● The task
Write out exactly the lines from the one containing "People walk around" through the last line of the records below, both included, and leave out any pictures.

--- --- ---

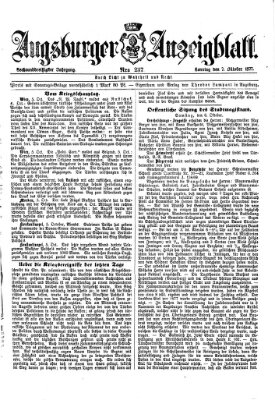 Augsburger Anzeigeblatt Sonntag 7. Oktober 1877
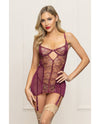 Seven 'til Midnight Holiday Metallic Lace Gartered Chemise & Thong - Plum-Rebel Romance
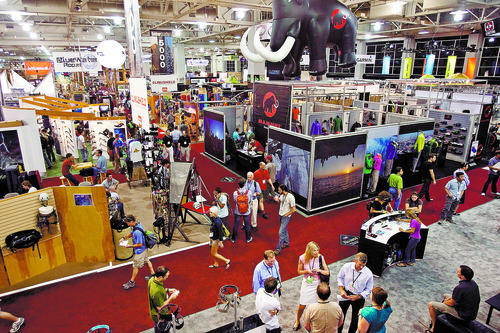 Photo by Chris Detrick  |  The Salt Lake Tribune 
People walk around thousands of exhibitors during the Outdoor Retailer Summer Market at the Salt Palace Convention Center Wednesday August 4, 2010.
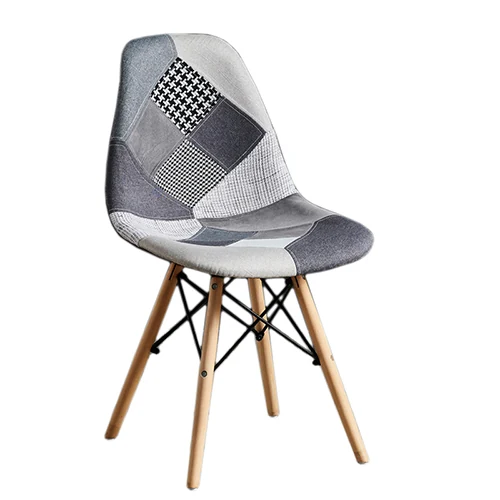Patchwork-surface plastic dining chair on wood legs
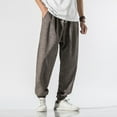 thumbnail image 3 of PuLe Men's Pants Men Chinese Style Kung Fu Pants Tai Chi Loose Trousers Linen Casual Retro Wide Leg Black, 3 of 3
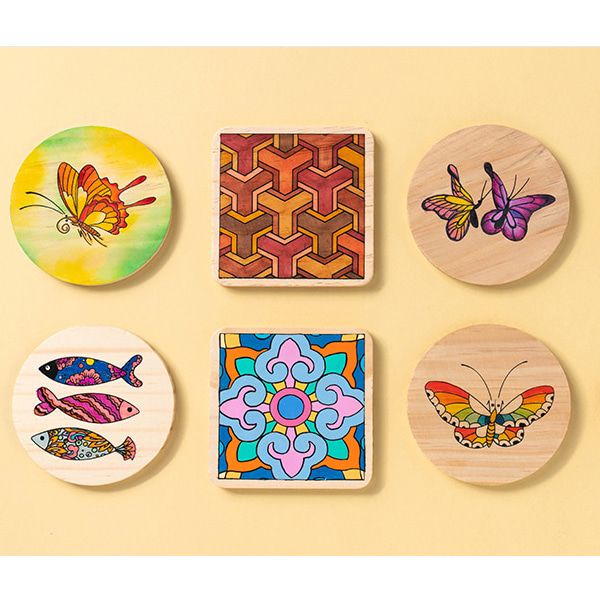 (MH) 컵받침 만들기 3개 1세트 DIY 색칠공부 민화그리기 나비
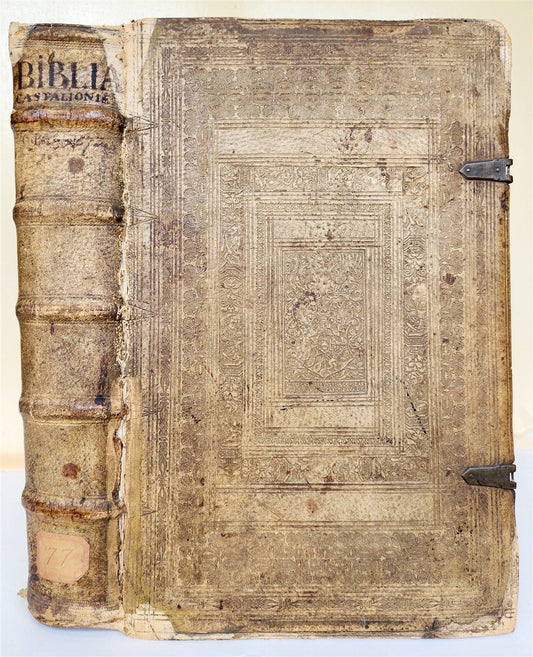 1573 BIBLE in LATIN ILLUSTRATED antique 16th c PIGSKIN BOUND FOLIO S. Castellio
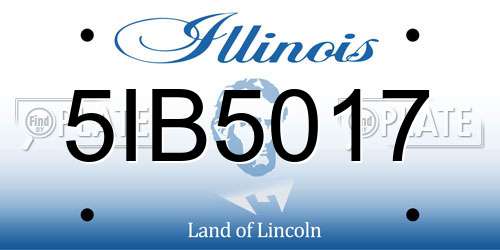 5IB5017 Illinois License Plate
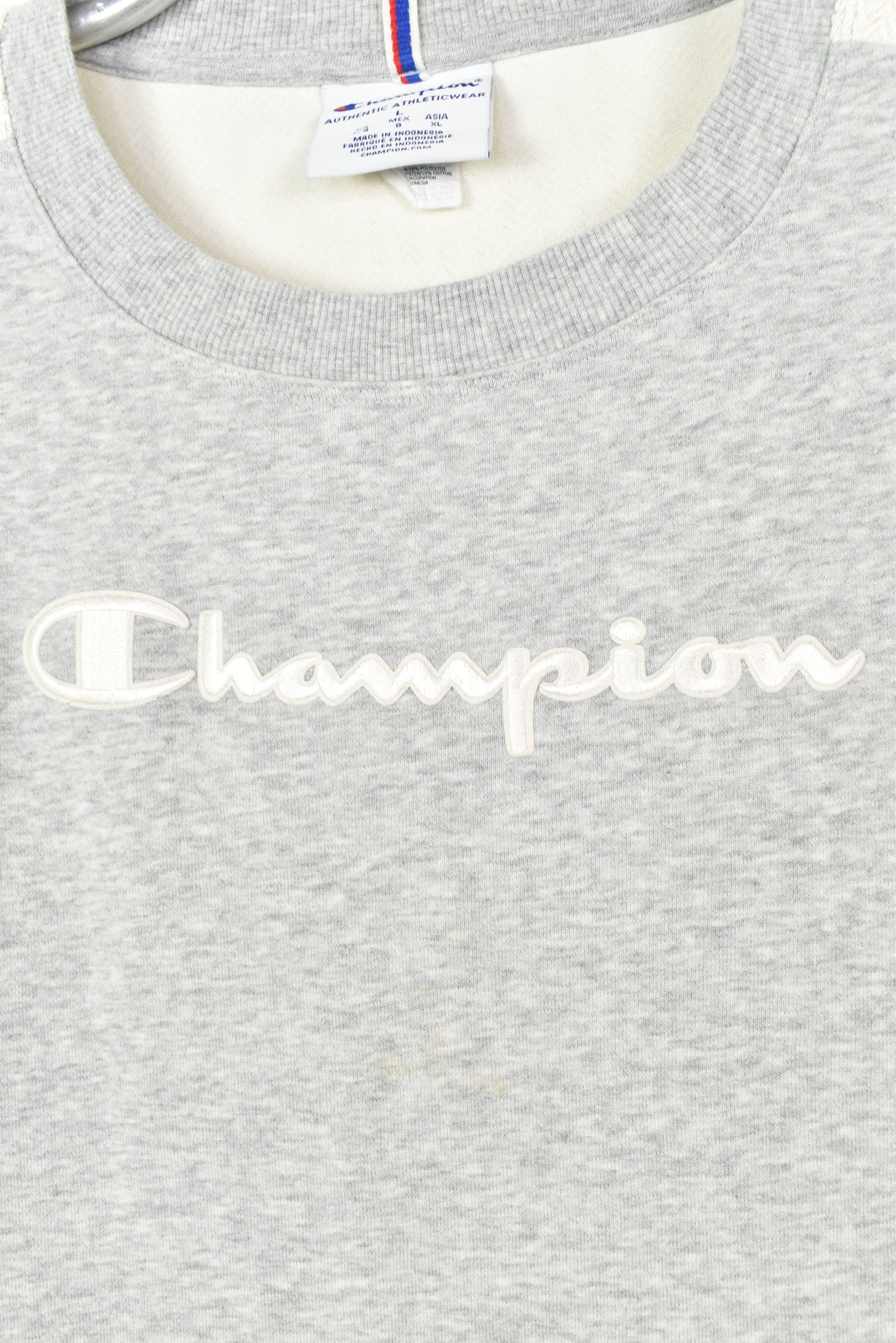VINTAGE CHAMPION EMBROIDERED GREY SWEATSHIRT | LARGE CHAMPION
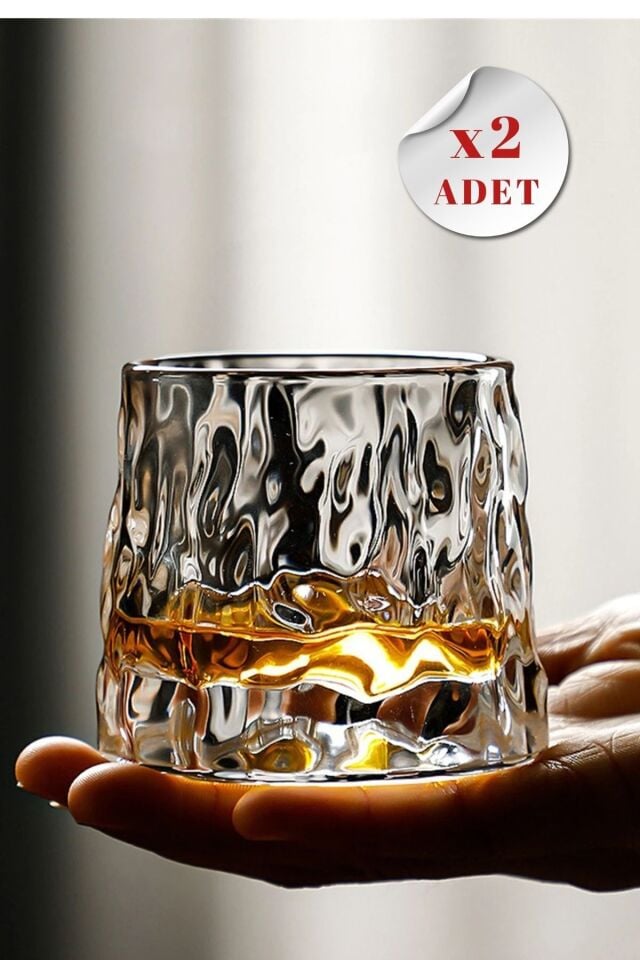 Viski Kokteyl Bardağı Kadehi 360 Dönen Cam Bardağı 2li Set 160ml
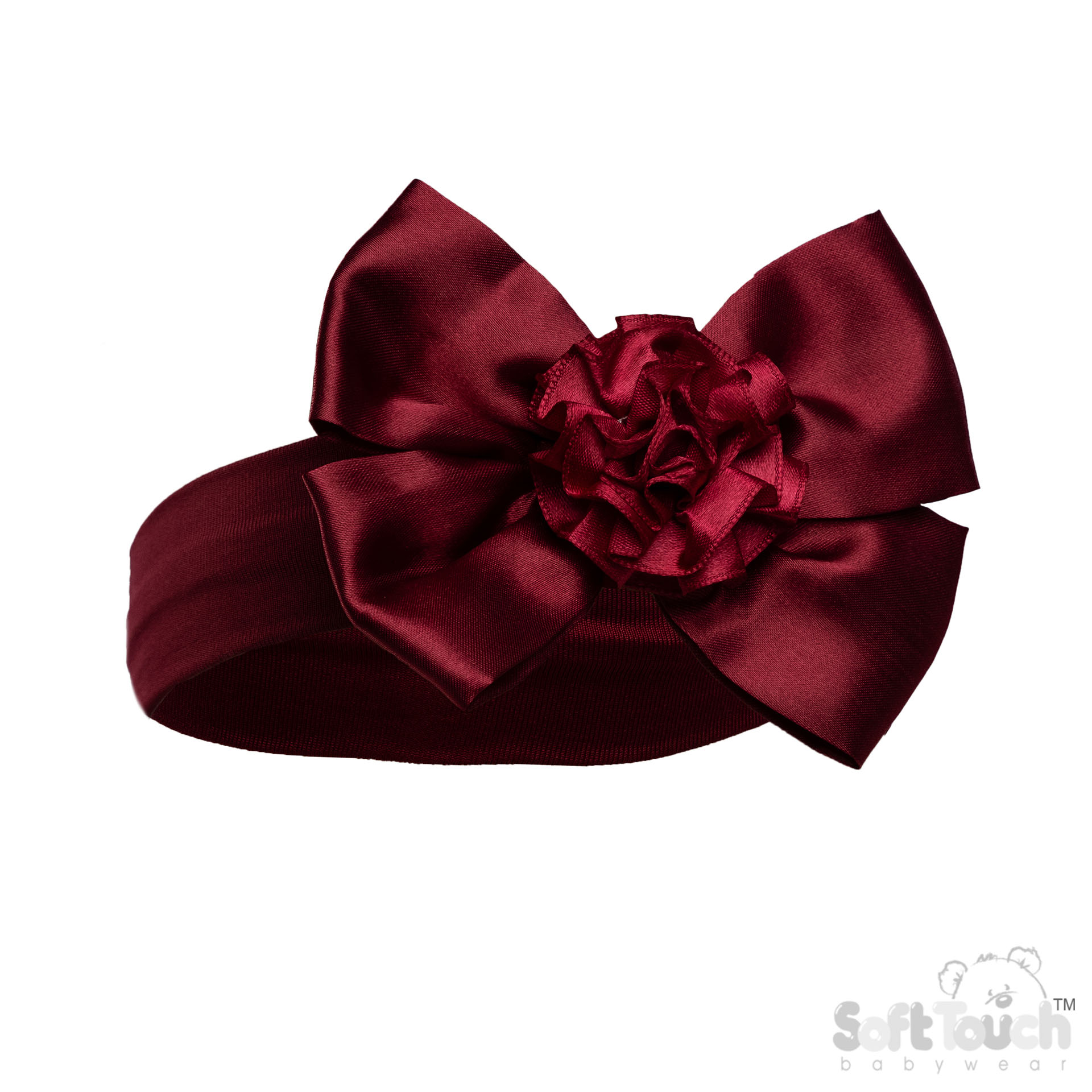 Burgundy Headband w/Bow & Flower : HB120-BU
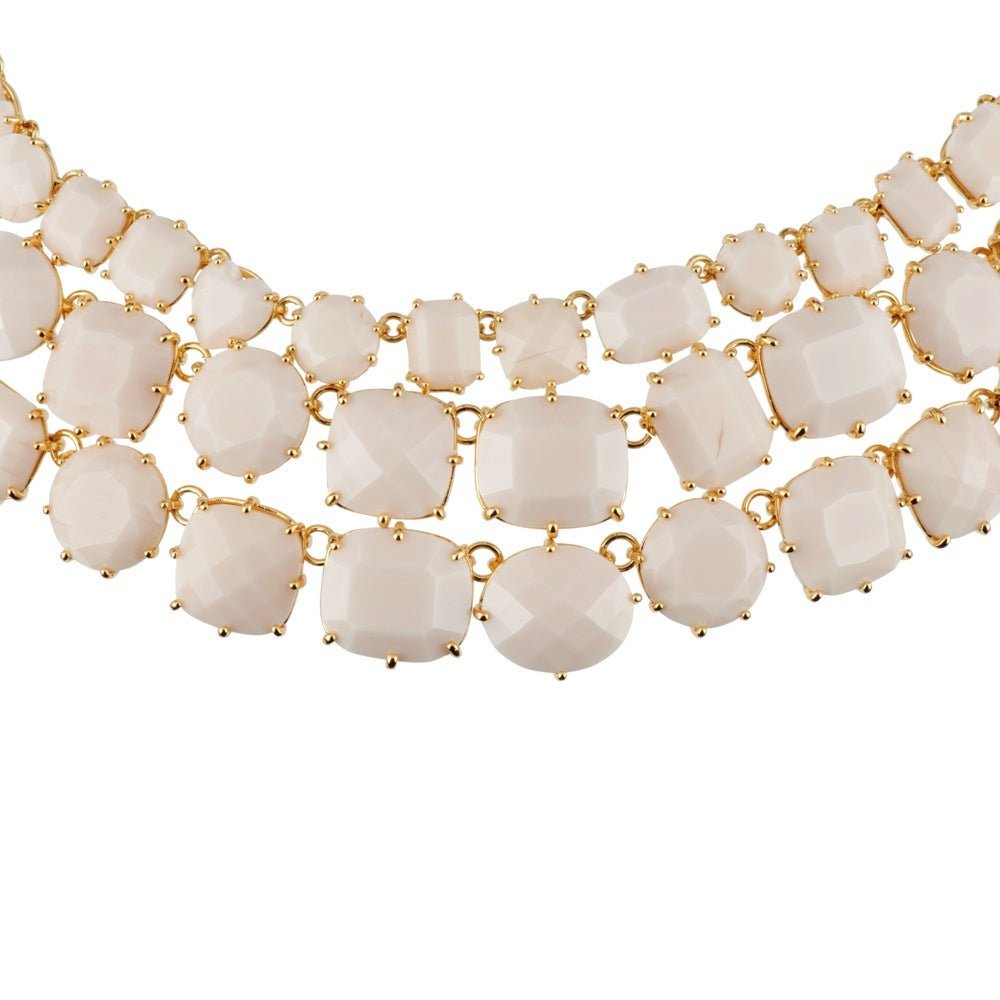 Triple Row La Diamantine 49Cm Beige Rose Necklace | ADLD3171 - Les Nereides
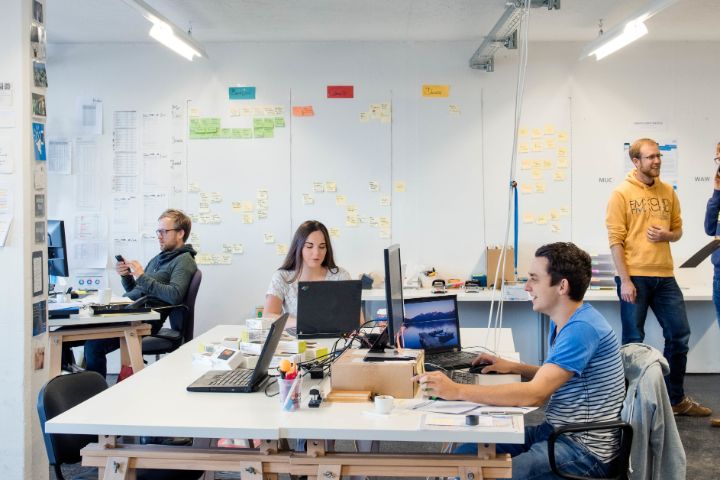 sechs Start-up Mitarbeiter*innen in einem Büro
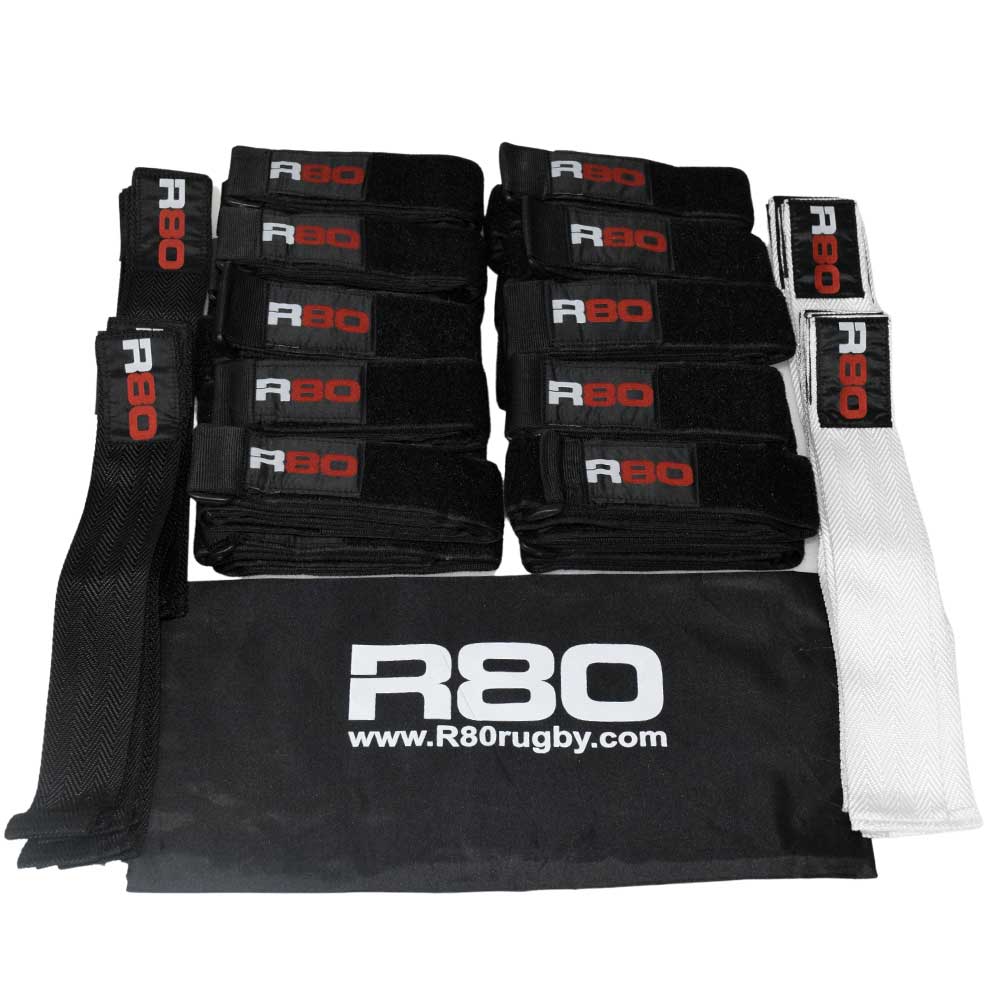 Adult Tag Rugby Sets for 20 Players - Black/White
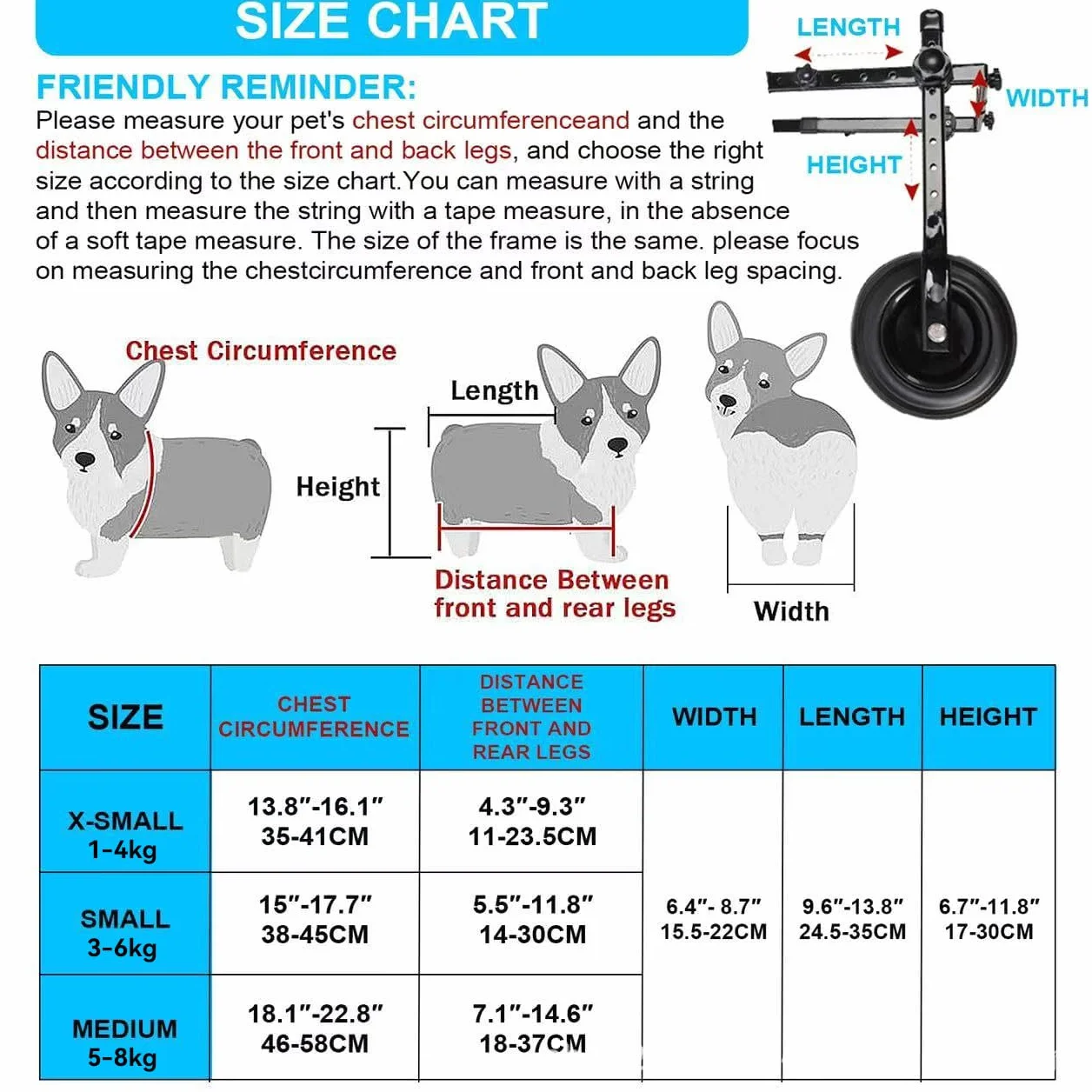 Fauteuil roulant réglable pour petits animaux de compagnie - Support jambe arrière pliable avec roues - Taille M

--- --- ---

● Answer
People walk around thousands of exhibitors during the Outdoor Retailer Summer Market at the Salt Palace Convention Center Wednesday August 4, 2010.
Patchwork-surface plastic dining chair on wood legs
 thumbnail image 3 of PuLe Men's Pants Men Chinese Style Kung Fu Pants Tai Chi Loose Trousers Linen Casual Retro Wide Leg Black, 3 of 3
 (MH) 컵받침 만들기 3개 1세트 DIY 색칠공부 민화그리기 나비
 1573 BIBLE in LATIN ILLUSTRATED antique 16th c PIGSKIN BOUND FOLIO S. Castellio
 5IB5017 Illinois License Plate
VINTAGE CHAMPION EMBROIDERED GREY SWEATSHIRT | LARGE CHAMPION
 Viski Kokteyl Bardağı Kadehi 360 Dönen Cam Bardağı 2li Set 160ml
 Burgundy Headband w/Bow & Flower : HB120-BU
 Triple Row La Diamantine 49Cm Beige Rose Necklace | ADLD3171 - Les Nereides
 sechs Start-up Mitarbeiter*innen in einem Büro
 Adult Tag Rugby Sets for 20 Players - Black/White
 Fauteuil roulant réglable pour petits animaux de compagnie - Support jambe arrière pliable avec roues - Taille M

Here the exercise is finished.